START INFORMATION GIVEN

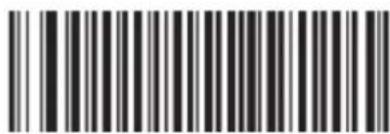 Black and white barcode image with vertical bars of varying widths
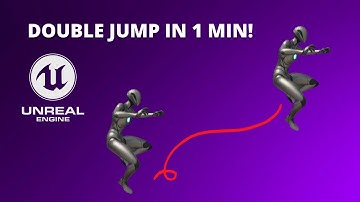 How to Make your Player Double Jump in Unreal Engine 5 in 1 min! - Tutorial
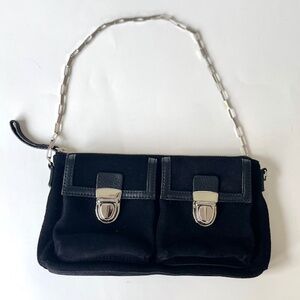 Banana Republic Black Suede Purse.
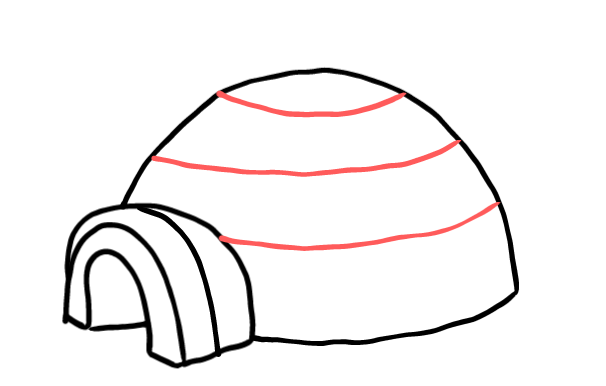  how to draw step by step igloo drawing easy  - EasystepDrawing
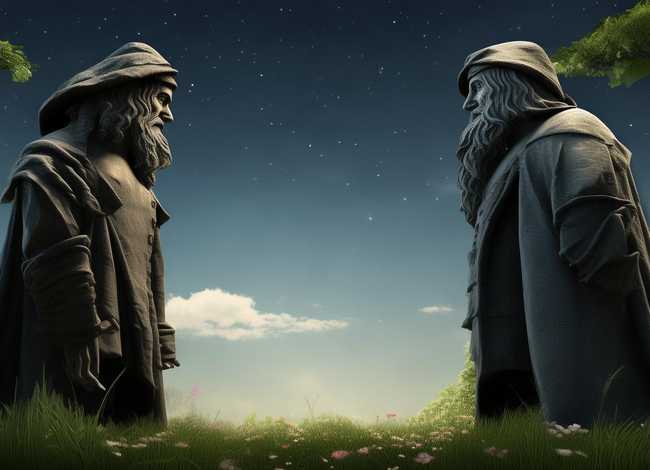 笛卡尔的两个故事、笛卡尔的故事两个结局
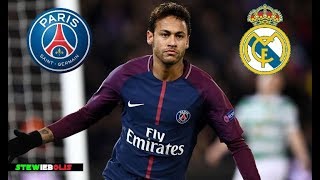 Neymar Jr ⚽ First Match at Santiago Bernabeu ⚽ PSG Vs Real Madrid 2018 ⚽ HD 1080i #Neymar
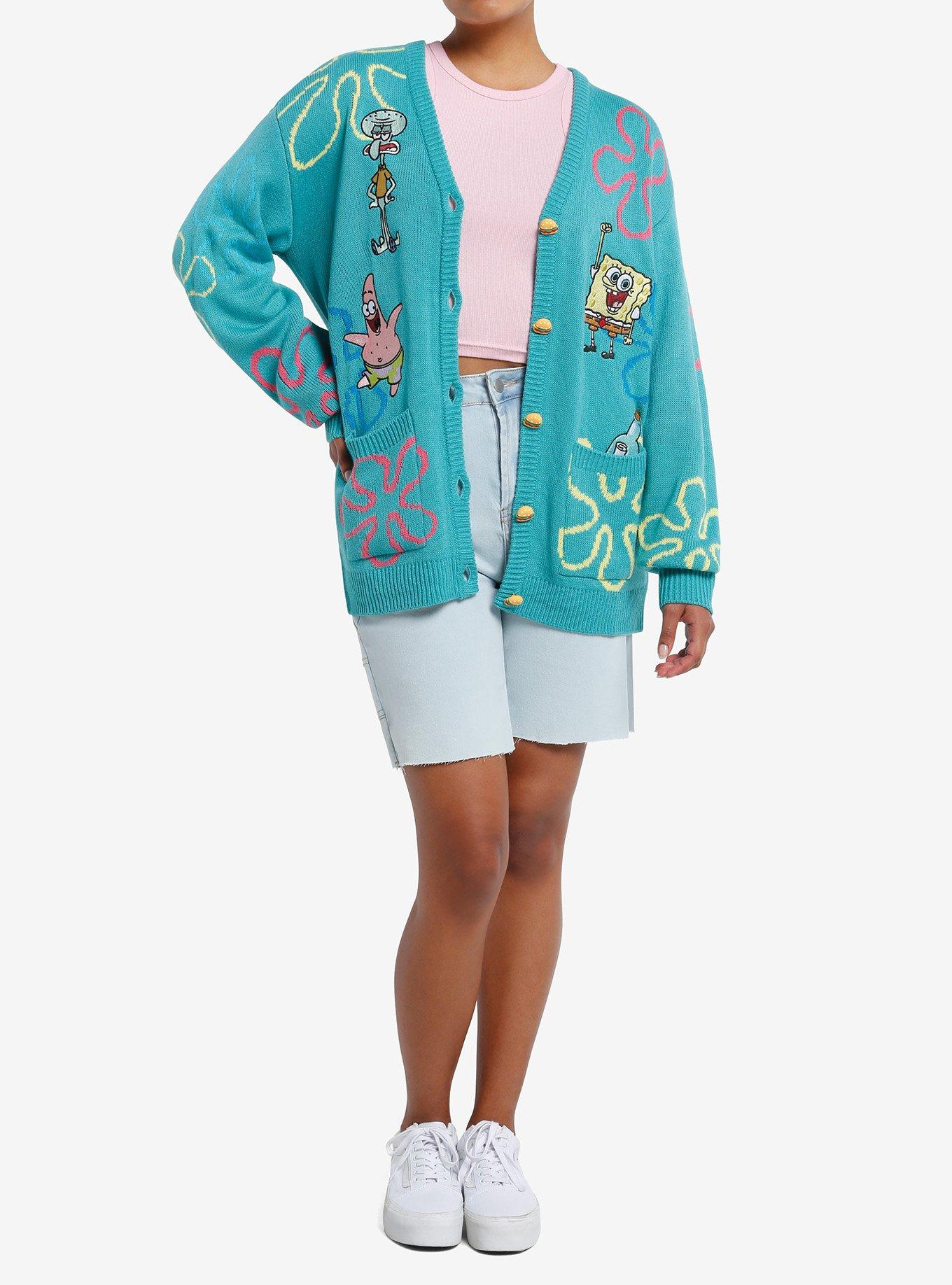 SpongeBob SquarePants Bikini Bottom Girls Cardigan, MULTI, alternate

END INFORMATION GIVEN

* _EXERCISE PROMPT_
Using the data above, print every line exactly, omitting pictures.

* _PROBLEM SOLUTION_
 Black and white barcode image with vertical bars of varying widths
 How to Make your Player Double Jump in Unreal Engine 5 in 1 min! - Tutorial
 Banana Republic Black Suede Purse.
  how to draw step by step igloo drawing easy  - EasystepDrawing
 笛卡尔的两个故事、笛卡尔的故事两个结局
 Neymar Jr ⚽ First Match at Santiago Bernabeu ⚽ PSG Vs Real Madrid 2018 ⚽ HD 1080i #Neymar
 SpongeBob SquarePants Bikini Bottom Girls Cardigan, MULTI, alternate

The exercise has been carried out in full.